# Capstone Project - The Battle of Neighborhoods


### Data Section <br>
London is one of the most ethnically diverse cities in the world. At the 2011 census, London had a population of 8,173,941. Of this number, 44.9% were White British. 37% of the population were born outside the UK, including 24.5% born outside of Europe.<br> <br>
The demography of London is analysed by the Office for National Statistic and data is produced for each of the Greater London wards, the City of London and the 32 London boroughs, the Inner London and Outer London statistical sub-regions, each of the Parliamentary constituencies in London, and for all of Greater London as a whole.<br><br>
For our fashion store problem, we will focus on the Boroughs of London and work on getting the data from all the Boroughs.
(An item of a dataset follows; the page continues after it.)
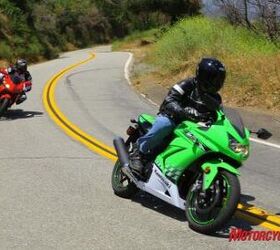 2010 bennche megelli 250r vs kawasaki ninja 250r motorcycle com, Look out Team Green Here comes some competition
There are 32 London Boroughs with a population of around 150,000 to 300,000.<br><br>
To solve our problem of finding a best location to open an Indian fashion store in London, we need to datasets based on various parameters such as :
1.	List of **areas of London** available at: https://en.wikipedia.org/wiki/List_of_areas_of_London<br>
2.	The latitudes and longitudes of those areas which the done with the help of **geopy.geocoders** library in python<br>
3.	Population of target audience in all the **boroughs of London** based on their **ethnicity** at **London Datastore**, which is a free and open data-sharing portal where anyone can access data relating to the city. The data is available in XLS and CSV format, which we can download and can use as-is for solving our problem. https://data.london.gov.uk/dataset/ethnic-groups-borough<br>


The cleansed data will then be used alongside **Foursquare** data, which is readily available. Foursquare location data will be leveraged to explore or compare **neighbourhoods around London**.<br><br>
Data Science Workflow:<br>
1.	Get the population in borough based on ethnicity<br>
2.	Clean the dataset and find the borough with the highest population of Asians.<br>
3.	Select the borough with highest population of Asian as preferred location for the store<br>
4.	Get the list of all the boroughs with their latitudes and longitudes<br>
5.	Plot all the neighbourhoods on a map<br>
6.	Get all the neighbourhoods of the selected borough with their latitudes and longitudes<br>
7.	Visualize the neighbourhood of the borough<br>
8.	Explore the all the neighbourhood with FourSquare API<br>
9.	Analyse each neighbourhood of selected borough<br>
10.	Display the top ten venues of each neighbourhood<br>
11.	Compare each neighbourhood venues for café, Indian restaurant and parks<br>
12.	Displaying selected neighbourhoods of borough on map <br>
13.	Outcome and conclusion


#### importing required libararies

In [3]:
# Import libraries
import numpy as np # library to handle data in a vectorized manner
import json # library to handle JSON files
import pandas as pd

#!conda install -c conda-forge geopy --yes 
from geopy.geocoders import Nominatim # convert an address into latitude and longitude values

import requests # library to handle requests
from pandas.io.json import json_normalize # tranform JSON file into a pandas dataframe

# Matplotlib and associated plotting modules
import matplotlib.pyplot as plt
import matplotlib.cm as cm
import matplotlib.colors as colors

from bs4 import BeautifulSoup
import requests

# Import k-means from clustering stage
from sklearn.cluster import KMeans

#!conda install -c conda-forge folium=0.5.0 --yes 
import folium # map rendering library

print('Libraries imported.')

Libraries imported.


### downloading the enthnic gropus by borough dataset 

In [132]:
!wget -O ethnic-groups-by-borough.xls https://data.london.gov.uk/dataset/ethnic-groups-borough

--2020-06-19 19:04:29--  https://data.london.gov.uk/dataset/ethnic-groups-borough
Resolving data.london.gov.uk (data.london.gov.uk)... 99.86.109.72, 99.86.109.39, 99.86.109.57, ...
Connecting to data.london.gov.uk (data.london.gov.uk)|99.86.109.72|:443... connected.
HTTP request sent, awaiting response... 200 OK
Length: unspecified [text/html]
Saving to: ‘ethnic-groups-by-borough.xls’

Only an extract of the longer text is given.